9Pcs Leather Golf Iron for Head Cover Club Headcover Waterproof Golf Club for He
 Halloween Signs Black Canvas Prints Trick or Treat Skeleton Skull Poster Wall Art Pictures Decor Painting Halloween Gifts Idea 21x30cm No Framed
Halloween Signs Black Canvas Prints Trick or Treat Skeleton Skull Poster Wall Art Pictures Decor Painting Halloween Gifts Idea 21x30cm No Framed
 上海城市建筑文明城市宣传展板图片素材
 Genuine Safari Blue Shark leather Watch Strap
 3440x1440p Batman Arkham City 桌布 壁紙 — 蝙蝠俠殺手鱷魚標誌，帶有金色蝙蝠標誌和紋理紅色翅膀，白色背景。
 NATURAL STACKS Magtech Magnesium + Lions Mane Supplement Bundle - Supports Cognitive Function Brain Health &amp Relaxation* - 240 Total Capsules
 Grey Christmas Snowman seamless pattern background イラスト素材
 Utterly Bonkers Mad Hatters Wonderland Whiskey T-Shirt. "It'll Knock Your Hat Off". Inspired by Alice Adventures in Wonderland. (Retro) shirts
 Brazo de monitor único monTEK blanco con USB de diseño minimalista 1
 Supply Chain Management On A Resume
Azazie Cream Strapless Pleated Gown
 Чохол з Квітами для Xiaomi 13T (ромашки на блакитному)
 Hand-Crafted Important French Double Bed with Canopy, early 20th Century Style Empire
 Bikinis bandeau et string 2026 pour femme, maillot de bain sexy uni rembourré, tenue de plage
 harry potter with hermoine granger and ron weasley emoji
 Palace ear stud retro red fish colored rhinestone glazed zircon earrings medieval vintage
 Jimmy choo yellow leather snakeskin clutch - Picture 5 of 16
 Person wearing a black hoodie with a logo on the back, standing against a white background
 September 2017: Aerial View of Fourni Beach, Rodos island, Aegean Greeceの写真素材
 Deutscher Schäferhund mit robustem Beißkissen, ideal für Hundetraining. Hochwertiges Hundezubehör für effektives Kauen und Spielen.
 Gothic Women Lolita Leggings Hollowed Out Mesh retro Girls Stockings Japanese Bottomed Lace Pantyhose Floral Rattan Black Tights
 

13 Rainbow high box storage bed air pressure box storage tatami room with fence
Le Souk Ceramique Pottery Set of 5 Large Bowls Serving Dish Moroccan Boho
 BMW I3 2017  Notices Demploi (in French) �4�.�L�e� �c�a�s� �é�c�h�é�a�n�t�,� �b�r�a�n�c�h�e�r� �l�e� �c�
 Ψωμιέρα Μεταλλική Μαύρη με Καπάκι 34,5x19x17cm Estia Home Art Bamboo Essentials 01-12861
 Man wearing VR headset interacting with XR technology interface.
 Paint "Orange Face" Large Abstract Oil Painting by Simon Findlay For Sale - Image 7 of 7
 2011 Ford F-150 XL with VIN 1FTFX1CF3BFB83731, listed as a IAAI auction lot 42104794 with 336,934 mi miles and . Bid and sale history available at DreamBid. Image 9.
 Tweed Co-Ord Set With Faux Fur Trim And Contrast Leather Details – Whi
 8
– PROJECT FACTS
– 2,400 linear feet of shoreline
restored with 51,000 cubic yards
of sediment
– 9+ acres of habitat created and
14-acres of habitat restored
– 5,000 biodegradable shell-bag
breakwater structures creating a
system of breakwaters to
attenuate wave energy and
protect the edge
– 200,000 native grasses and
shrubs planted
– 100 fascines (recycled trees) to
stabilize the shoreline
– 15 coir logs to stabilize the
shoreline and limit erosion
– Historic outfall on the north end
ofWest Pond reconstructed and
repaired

+ + + + +

- Work required -
Line by line, output the records exactly as given.

- Task response -
9Pcs Leather Golf Iron for Head Cover Club Headcover Waterproof Golf Club for He
 Halloween Signs Black Canvas Prints Trick or Treat Skeleton Skull Poster Wall Art Pictures Decor Painting Halloween Gifts Idea 21x30cm No Framed
Halloween Signs Black Canvas Prints Trick or Treat Skeleton Skull Poster Wall Art Pictures Decor Painting Halloween Gifts Idea 21x30cm No Framed
 上海城市建筑文明城市宣传展板图片素材
 Genuine Safari Blue Shark leather Watch Strap
 3440x1440p Batman Arkham City 桌布 壁紙 — 蝙蝠俠殺手鱷魚標誌，帶有金色蝙蝠標誌和紋理紅色翅膀，白色背景。
 NATURAL STACKS Magtech Magnesium + Lions Mane Supplement Bundle - Supports Cognitive Function Brain Health &amp Relaxation* - 240 Total Capsules
 Grey Christmas Snowman seamless pattern background イラスト素材
 Utterly Bonkers Mad Hatters Wonderland Whiskey T-Shirt. "It'll Knock Your Hat Off". Inspired by Alice Adventures in Wonderland. (Retro) shirts
 Brazo de monitor único monTEK blanco con USB de diseño minimalista 1
 Supply Chain Management On A Resume
Azazie Cream Strapless Pleated Gown
 Чохол з Квітами для Xiaomi 13T (ромашки на блакитному)
 Hand-Crafted Important French Double Bed with Canopy, early 20th Century Style Empire
 Bikinis bandeau et string 2026 pour femme, maillot de bain sexy uni rembourré, tenue de plage
 harry potter with hermoine granger and ron weasley emoji
 Palace ear stud retro red fish colored rhinestone glazed zircon earrings medieval vintage
 Jimmy choo yellow leather snakeskin clutch - Picture 5 of 16
 Person wearing a black hoodie with a logo on the back, standing against a white background
 September 2017: Aerial View of Fourni Beach, Rodos island, Aegean Greeceの写真素材
 Deutscher Schäferhund mit robustem Beißkissen, ideal für Hundetraining. Hochwertiges Hundezubehör für effektives Kauen und Spielen.
 Gothic Women Lolita Leggings Hollowed Out Mesh retro Girls Stockings Japanese Bottomed Lace Pantyhose Floral Rattan Black Tights
 

13 Rainbow high box storage bed air pressure box storage tatami room with fence
Le Souk Ceramique Pottery Set of 5 Large Bowls Serving Dish Moroccan Boho
 BMW I3 2017  Notices Demploi (in French) �4�.�L�e� �c�a�s� �é�c�h�é�a�n�t�,� �b�r�a�n�c�h�e�r� �l�e� �c�
 Ψωμιέρα Μεταλλική Μαύρη με Καπάκι 34,5x19x17cm Estia Home Art Bamboo Essentials 01-12861
 Man wearing VR headset interacting with XR technology interface.
 Paint "Orange Face" Large Abstract Oil Painting by Simon Findlay For Sale - Image 7 of 7
 2011 Ford F-150 XL with VIN 1FTFX1CF3BFB83731, listed as a IAAI auction lot 42104794 with 336,934 mi miles and . Bid and sale history available at DreamBid. Image 9.
 Tweed Co-Ord Set With Faux Fur Trim And Contrast Leather Details – Whi
 8
– PROJECT FACTS
– 2,400 linear feet of shoreline
restored with 51,000 cubic yards
of sediment
– 9+ acres of habitat created and
14-acres of habitat restored
– 5,000 biodegradable shell-bag
breakwater structures creating a
system of breakwaters to
attenuate wave energy and
protect the edge
– 200,000 native grasses and
shrubs planted
– 100 fascines (recycled trees) to
stabilize the shoreline
– 15 coir logs to stabilize the
shoreline and limit erosion
– Historic outfall on the north end
ofWest Pond reconstructed and
repaired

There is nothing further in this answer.